Like many trout streams in Southeast Minnesota, Tamarack Creek does not look like blue trout water. It’s pretty as it meanders through lush green pastures and cuts along wooded valley bottoms, but you won’t find fly-casters on drift boats or resorts with mountains in the background.
What Tamarack does have, however, are excellent numbers of naturally spawning brown trout, wild fish that are alternately shy and aggressive, depending on the conditions and the skill of the angler fighting for them. Which makes Tamarack Creek the perfect place for Mike Jeresek to test out some of the latest jigs he’s ridden and a chance for me to follow along.
A retired teacher and trainer, Jeresek is an avid trout angler who has fished browns, brookies and rainbows throughout their range. “I started with bait in the 1960s,” he explained as he drove his vehicle down the windy gravel road to Tamarack. “I got fed up and learned to fly fish. Later I noticed that my brother, who was casting Rapalas with spinning gear, was catching better fish than me, so I changed again.
Jeresek then spoke to another trout angler who was doing well with jigs of the same type that most people use for walleye and crappie. “He talked about their versatility, and what he said made sense to me,” Jeresek told me. “Of course he also mentioned that the world record brown trout was jigged. It didn’t hurt either.
Lightweight jigs are very versatile for trout fishing
When Jeresek first started casting jigs for trout, he was the home improvement chair for his local Trout Unlimited (TU) chapter, so he knew all the best places to try out his new lures. “I found out in a hurry that the guy I told about the jigs was right,” he said. “What I love most about them, other than the trout hitting them like crazy, is that I can control the action of the bait. Most spinning lures work at a single speed, but I can work a jig at any speed and give it any action I want. I’ve caught browns by ripping a jig through a hole, drifting it with the current, casting it downstream and working it, or swimming it close to the surface. I even had trout cruised and picked up a jig at the bottom. That’s the beauty of it; you can tailor your presentation to the behavior of the fish that day.
After getting ready, I followed Jeresek as he followed the wooded banks of Tamarack Creek downstream. We both carried ultralight spinning rods made by local trout angler Jim Reinhardt, a retired math teacher and Hall of Fame high school football coach. Its rods, 5 feet long, are the fly fisherman’s answer to a 4 weight fly rod – very sensitive at the tip but with enough spine to fight a big brown. Our open face reels were spooled with 4 pound mono for the backing and 20 yards of 4 pound Nanofill at the tip. Ultra-strong but thin in diameter, the nano “casts a mile but doesn’t tangle, and the trout don’t see it,” Jeresek said.
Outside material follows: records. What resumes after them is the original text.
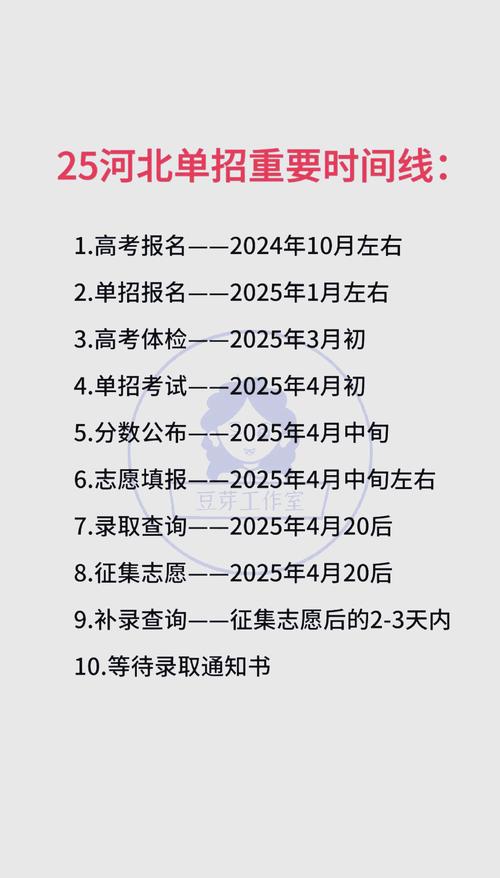 2025单招考试时间何时定？-第2张图片-厚德教育培训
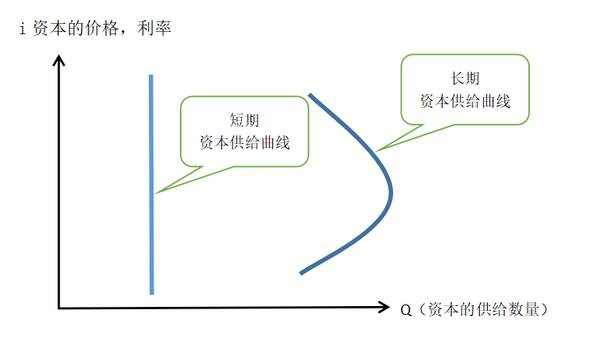 中级经济师所有曲线图，「2022中级经济师」曲线图汇总（完）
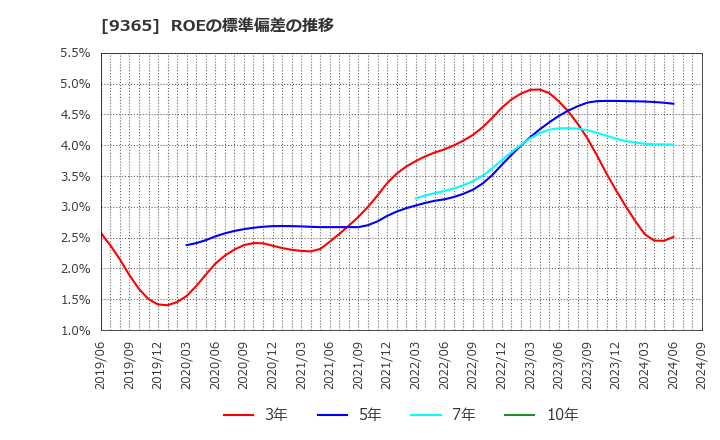 9365 トレーディア(株): ROEの標準偏差の推移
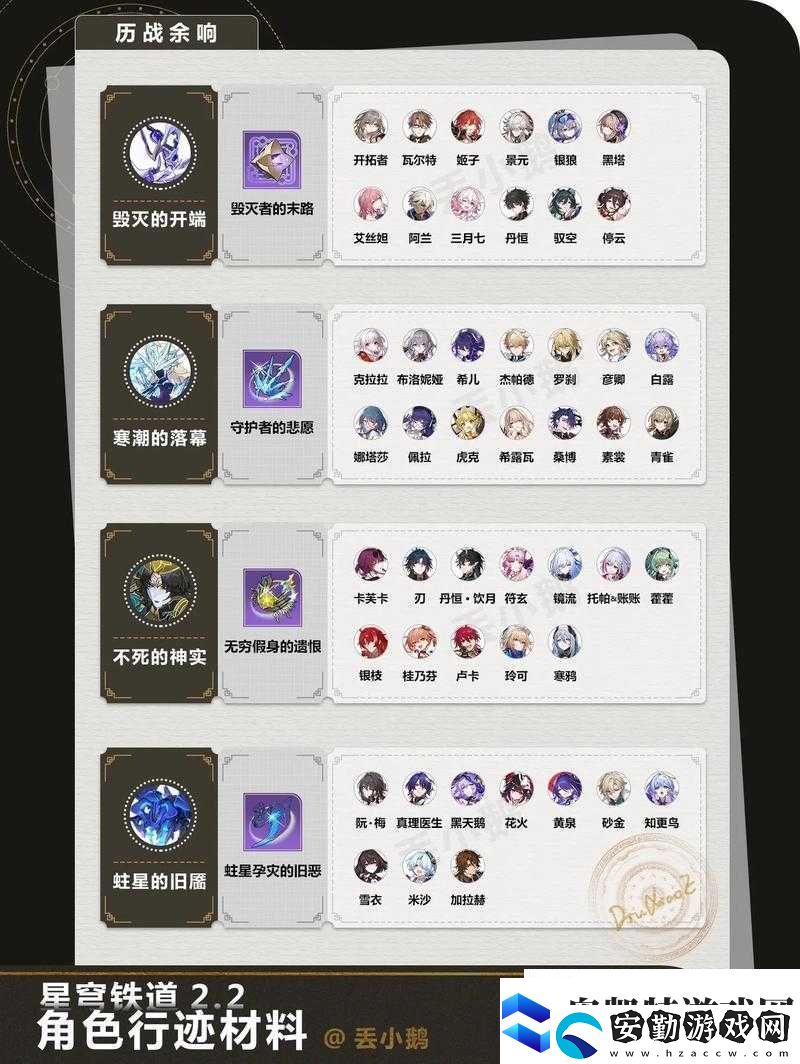 崩壞星穹鐵道知更鳥及其專武所需材料全匯總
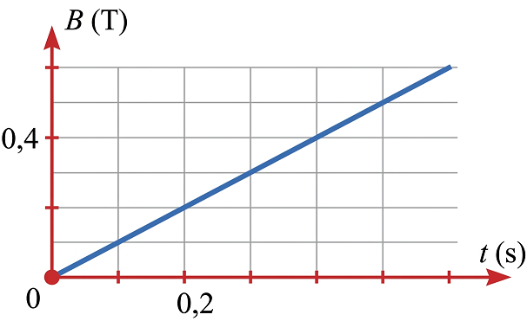 V&ograve;ng d&acirc;y kim loại diện t&iacute;ch S, hợp với vectơ cảm ứng từ một g&oacute;c 30 độ C, cho biết cường độ cảm ứng từ biến thi&ecirc;n theo thời gian như đồ thị. Độ lớn suất điện động cảm ứng xuất hiện t (ảnh 1)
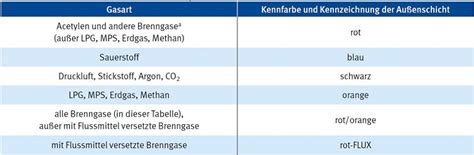 DGUV Information 209 011 Gasschweißer 4 Umgang mit Geräten und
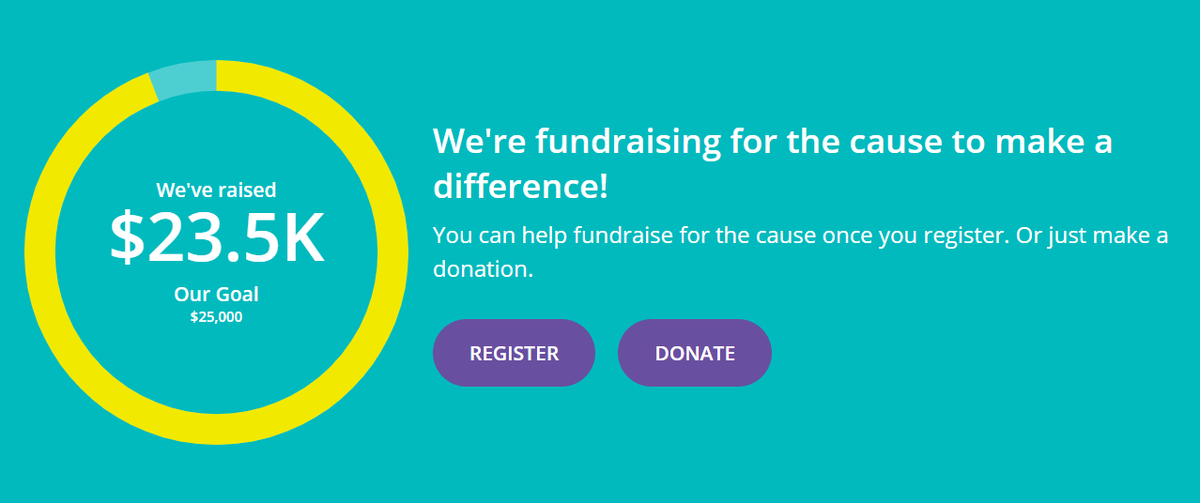 ewb's tweet photo. Look at how incredibly close we are to reaching our $25K fundraising goal for tomorrow's Run 2 End Poverty! Learn how you can help support the fight for systemic, sustainable solutions towards the eradication of poverty https://t.co/z1aNhtXXP9 #R2EP #thelongrun https://t.co/Rxb0k1vYvv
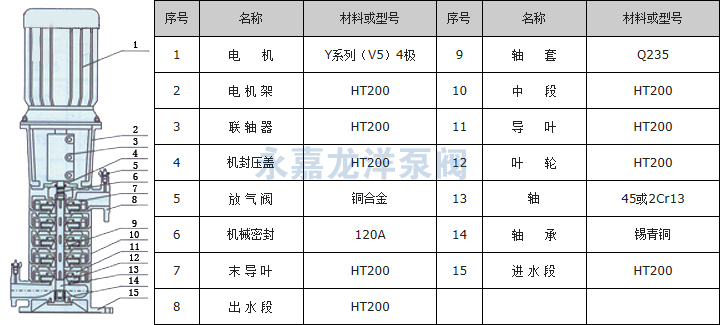 XBD-LG立式多級消防泵結構示意圖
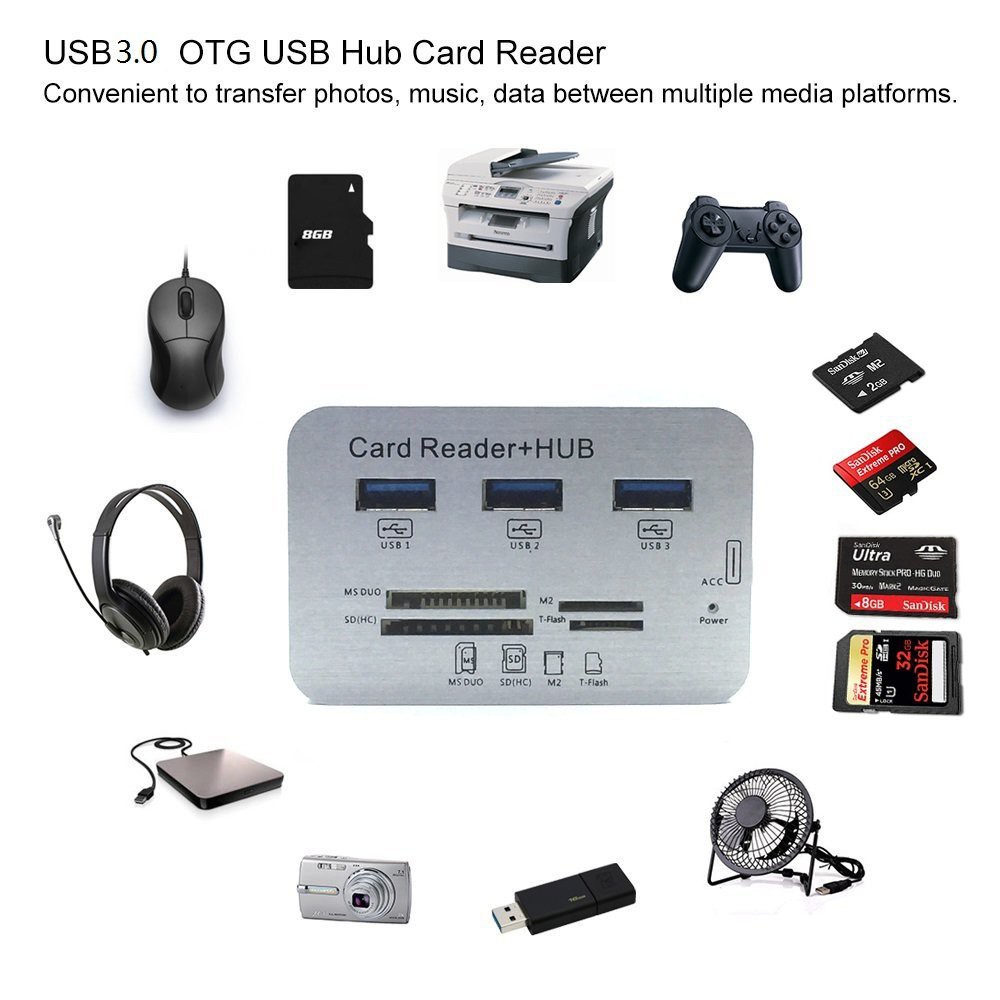ภาพหน้าปกสินค้าUSB 3.0 to 3-Port USB Hub + MS/SD/M2/TF Card Reader Combo จากร้าน golfshop01 บน Shopee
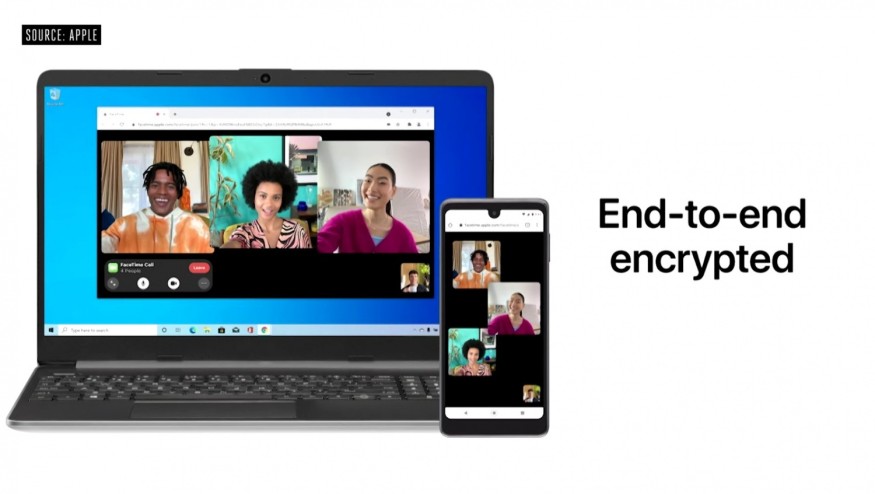 ENJOY FACETIME IN ANDROID AND WINDOWS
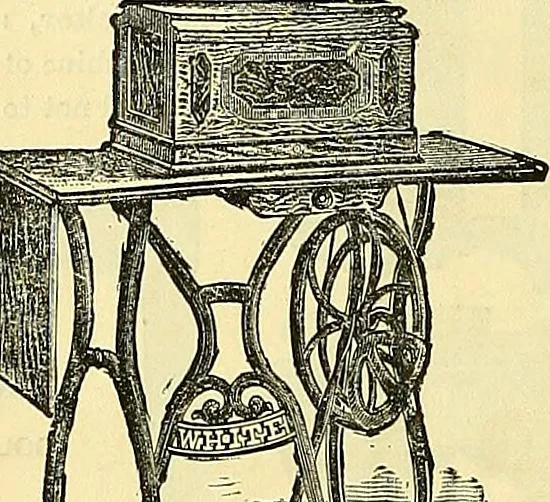 An illustration from Journal of domestic appliances, 1881, leaf 129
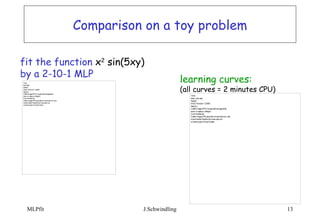 Comparison on a toy problem fit the function  x 2  sin(5xy)  by a 2-10-1 MLP learning curves: (all curves = 2 minutes CPU)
After a 30 minute walk along the trail by the creek, Jeresek finally stopped at a pool with a slight bend and a gurgling current. Casting a 3-inch Berkeley Powerbait Minnow that he had cemented to a jig hook with Gorilla Glue, Jeresek was in a thrilling brown on his third cast. The 14 inch Trout used the current and structure to provide all the fight my partner wanted before coming to hand. Jeresek smiled, released the fish and landed two more on successive casts. “Your turn,” he said, motioning me forward. My first cast was a little long, but bounced off the bank nicely and slid through the water. I had only done two cranks on the reel when I felt a strong hit that turned out to be a rock, but on the next cast – a bit more precise this time – a smooth but rambling brown slammed my lure. “Atta boy,” Jeresek said in his best retired coaching voice.
An easy-to-make and super-efficient jig
I had fished with Jeresek before and noticed the Berkeley Minnows were a new twist. “I just like to experiment and found it to be effective, fun and simple,” he told me. “I tied my own jigs with marabou and other materials for a while. I used tube jigs and other plastics, and finally settled on these, at least for the I can make them up so fast; I just slide a body onto a jig hook, glue it to the head with glue, and hang it upside down to dry overnight. I can make it a dozen in minutes, and it’s as simple as it gets. A while ago, the TU chapter was going to have a night of fly tying. I wanted to show up with my little box of gear and say, ‘Where should I go? I settle down?’”
It took us a little over two hours to get back to the truck, but the action was constant the whole way. Jeresek caught 33 trout along the way, and while none were huge, he landed two others at least as big as the first. And in a gurgling run full of structure, he caught and landed five browns on consecutive throws. I’ve handled about a dozen fish but settled for just straight downstream retrieval with the same bait. During this time, my mentor was constantly changing jigs and mixing straight recoveries with jerky tugs and breaks. Like most experts, he seems to quickly sense that something has changed that makes the fish need or want a different look, speed, or size.
That and, like other experts, he’s just not afraid to experiment. While backyard anglers like me are content if a lure draws the occasional strike, true aces ride the wave for a while and then seem to ask “Well, if they liked that, what about this side?” Which is why, of course, Mike Jeresek decided to leave the comfortable world of baits, flies and spinners in the first place and give jigs a whirl. And haven’t looked back, at least not yet.